Instead, architecture must be transformed to accord with the whole
development of the society, criticizing all the transitory values linked
to obsolete forms of social relationships (in the first rank of which is
the family).
5
Even if, during a transitional period, we temporarily accept a rigid
division between work zones and residence zones, we must at least
envisage a third sphere: that of life itself (the sphere of freedom and
leisure — the essence of life). Unitary urbanism acknowledges no
boundaries; it aims to form an integrated human milieu in which
separations such as work/leisure or public/private will finally be
dissolved. But before this is possible, the minimum action of unitary
urbanism is to extend the terrain of play to all desirable
constructions. This terrain will be at the level of complexity of an old
city.
6
It is not a matter of opposing the automobile as an evil in itself.

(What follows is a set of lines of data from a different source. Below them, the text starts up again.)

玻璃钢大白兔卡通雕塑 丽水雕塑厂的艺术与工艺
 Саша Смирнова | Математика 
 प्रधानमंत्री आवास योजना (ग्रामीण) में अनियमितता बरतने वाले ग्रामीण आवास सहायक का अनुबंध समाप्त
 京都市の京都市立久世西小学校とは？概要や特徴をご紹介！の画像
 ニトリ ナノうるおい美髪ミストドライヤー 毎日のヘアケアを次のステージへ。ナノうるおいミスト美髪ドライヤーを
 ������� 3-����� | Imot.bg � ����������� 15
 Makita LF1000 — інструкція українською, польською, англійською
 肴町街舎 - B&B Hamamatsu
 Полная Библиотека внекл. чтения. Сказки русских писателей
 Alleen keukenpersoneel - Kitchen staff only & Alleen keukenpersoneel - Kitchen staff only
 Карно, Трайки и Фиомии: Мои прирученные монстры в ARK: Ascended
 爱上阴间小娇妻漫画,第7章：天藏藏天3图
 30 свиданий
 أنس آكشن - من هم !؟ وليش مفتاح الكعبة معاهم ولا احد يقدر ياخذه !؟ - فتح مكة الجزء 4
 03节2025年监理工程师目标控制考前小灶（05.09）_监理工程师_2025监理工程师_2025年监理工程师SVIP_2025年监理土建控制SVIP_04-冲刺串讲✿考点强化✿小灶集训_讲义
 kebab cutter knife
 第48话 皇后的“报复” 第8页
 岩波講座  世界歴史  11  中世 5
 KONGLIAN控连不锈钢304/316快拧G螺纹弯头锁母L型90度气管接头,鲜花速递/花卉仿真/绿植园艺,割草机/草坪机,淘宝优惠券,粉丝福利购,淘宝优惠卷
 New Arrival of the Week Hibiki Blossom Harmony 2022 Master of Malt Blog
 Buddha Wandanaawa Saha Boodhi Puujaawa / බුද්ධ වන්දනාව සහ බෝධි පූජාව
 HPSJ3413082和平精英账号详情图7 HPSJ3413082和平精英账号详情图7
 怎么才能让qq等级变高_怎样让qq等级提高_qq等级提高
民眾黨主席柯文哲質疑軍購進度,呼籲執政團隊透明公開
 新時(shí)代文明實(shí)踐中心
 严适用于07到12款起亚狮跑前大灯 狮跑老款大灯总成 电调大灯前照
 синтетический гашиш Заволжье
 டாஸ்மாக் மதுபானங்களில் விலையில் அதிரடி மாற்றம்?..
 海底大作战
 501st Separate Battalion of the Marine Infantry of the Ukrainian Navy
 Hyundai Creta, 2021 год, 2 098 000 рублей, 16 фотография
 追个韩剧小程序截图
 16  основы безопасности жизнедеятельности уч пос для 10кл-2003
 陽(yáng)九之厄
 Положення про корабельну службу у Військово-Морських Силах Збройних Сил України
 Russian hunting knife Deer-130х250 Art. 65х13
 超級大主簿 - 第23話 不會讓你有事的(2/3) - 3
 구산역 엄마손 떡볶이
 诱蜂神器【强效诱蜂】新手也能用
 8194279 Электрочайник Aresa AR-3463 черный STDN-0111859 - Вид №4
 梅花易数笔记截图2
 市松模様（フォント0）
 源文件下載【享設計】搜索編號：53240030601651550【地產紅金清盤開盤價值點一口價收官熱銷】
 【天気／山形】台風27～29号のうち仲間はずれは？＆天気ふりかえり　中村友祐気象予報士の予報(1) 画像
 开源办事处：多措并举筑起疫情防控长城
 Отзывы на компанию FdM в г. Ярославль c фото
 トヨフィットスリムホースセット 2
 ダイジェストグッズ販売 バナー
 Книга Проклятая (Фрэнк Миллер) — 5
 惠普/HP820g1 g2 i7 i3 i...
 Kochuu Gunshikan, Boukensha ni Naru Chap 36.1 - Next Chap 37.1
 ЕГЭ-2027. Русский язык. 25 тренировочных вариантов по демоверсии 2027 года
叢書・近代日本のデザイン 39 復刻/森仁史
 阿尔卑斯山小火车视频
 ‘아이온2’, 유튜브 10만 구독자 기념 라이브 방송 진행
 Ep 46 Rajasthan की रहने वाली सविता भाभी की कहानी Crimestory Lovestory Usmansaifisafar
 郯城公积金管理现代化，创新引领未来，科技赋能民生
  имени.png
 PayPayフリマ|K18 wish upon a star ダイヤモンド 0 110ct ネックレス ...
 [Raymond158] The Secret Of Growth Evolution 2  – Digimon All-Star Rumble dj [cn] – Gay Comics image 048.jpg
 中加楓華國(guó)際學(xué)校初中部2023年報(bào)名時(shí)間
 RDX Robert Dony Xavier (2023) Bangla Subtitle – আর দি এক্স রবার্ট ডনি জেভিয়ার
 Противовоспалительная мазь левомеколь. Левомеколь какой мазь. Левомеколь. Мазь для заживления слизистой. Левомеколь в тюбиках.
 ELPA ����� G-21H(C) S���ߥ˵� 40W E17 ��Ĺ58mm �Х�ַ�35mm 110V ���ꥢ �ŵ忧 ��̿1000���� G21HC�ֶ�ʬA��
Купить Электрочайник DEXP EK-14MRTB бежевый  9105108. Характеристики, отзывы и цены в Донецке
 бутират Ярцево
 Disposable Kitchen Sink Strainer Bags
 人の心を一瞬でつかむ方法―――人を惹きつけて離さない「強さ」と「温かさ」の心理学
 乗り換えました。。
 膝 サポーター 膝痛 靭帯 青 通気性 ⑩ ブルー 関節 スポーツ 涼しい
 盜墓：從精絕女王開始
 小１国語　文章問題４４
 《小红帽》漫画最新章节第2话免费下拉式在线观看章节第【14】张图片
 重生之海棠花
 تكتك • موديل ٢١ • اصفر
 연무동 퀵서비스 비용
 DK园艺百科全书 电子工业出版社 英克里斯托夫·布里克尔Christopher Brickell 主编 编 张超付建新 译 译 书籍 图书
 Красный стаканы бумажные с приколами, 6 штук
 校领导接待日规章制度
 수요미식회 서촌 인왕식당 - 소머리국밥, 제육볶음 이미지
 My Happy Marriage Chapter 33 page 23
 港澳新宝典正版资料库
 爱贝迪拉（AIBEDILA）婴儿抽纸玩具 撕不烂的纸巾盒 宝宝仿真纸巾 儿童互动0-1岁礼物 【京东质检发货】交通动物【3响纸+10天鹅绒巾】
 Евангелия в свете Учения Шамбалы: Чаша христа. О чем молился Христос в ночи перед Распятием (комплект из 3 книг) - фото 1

It
is its extreme concentration in the cities that has led to the negation
of its function. Urbanism should certainly not ignore the automobile,
but even less should it accept it as its central theme. It should reckon
on gradually phasing it out. In any case, we can envision the banning of
auto traffic from the central areas of certain new complexes, as well as
from a few old cities.
7
Those who believe that the automobile is eternal are not thinking, even
from a strictly technological standpoint, of other future forms of
transportation. For example, certain models of one-man helicopters
currently being tested by the US Army will probably have spread to the
general public within twenty years.
8
The breaking up of the dialectic of the human milieu in favor of
automobiles (the projected freeways in Paris will entail the demolition
of thousands of houses and apartments although the housing crisis is
continually worsening) masks its irrationality under pseudopractical
justifications. But it is practically necessary only in the context of a
specific social set-up. Those who believe that the particulars of the
problem are permanent want in fact to believe in the permanence of the
present society.
9
Revolutionary urbanists will not limit their concern to the circulation
of things, or to the circulation of human beings trapped in a world of
things. They will try to break these topological chains, paving the way
with their experiments for a human journey through authentic life.